THE TASK
Any picture must be dropped, but each line of the data should be duplicated exactly.

DATA PROVIDED
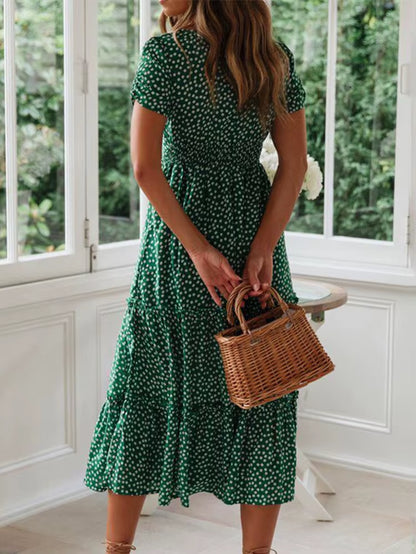Vestidos Vintage Vintage Print Puff Sleeve Summer Beach Sweet Dresses Casual Square Collar Floral Maxi Long Dress Festa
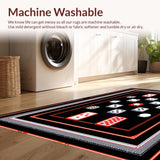 Ultra Soft Area Rug, Non Slip, Stain Resistant, Washable Area Rugs for Living Room, Bedroom, Bold Red and White Dice Aesthetic(White)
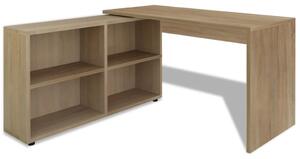 Corner Desk 4 Shelves Oak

RESPONSE TO THIS TASK
Vestidos Vintage Vintage Print Puff Sleeve Summer Beach Sweet Dresses Casual Square Collar Floral Maxi Long Dress Festa
 Ultra Soft Area Rug, Non Slip, Stain Resistant, Washable Area Rugs for Living Room, Bedroom, Bold Red and White Dice Aesthetic(White)
 Corner Desk 4 Shelves Oak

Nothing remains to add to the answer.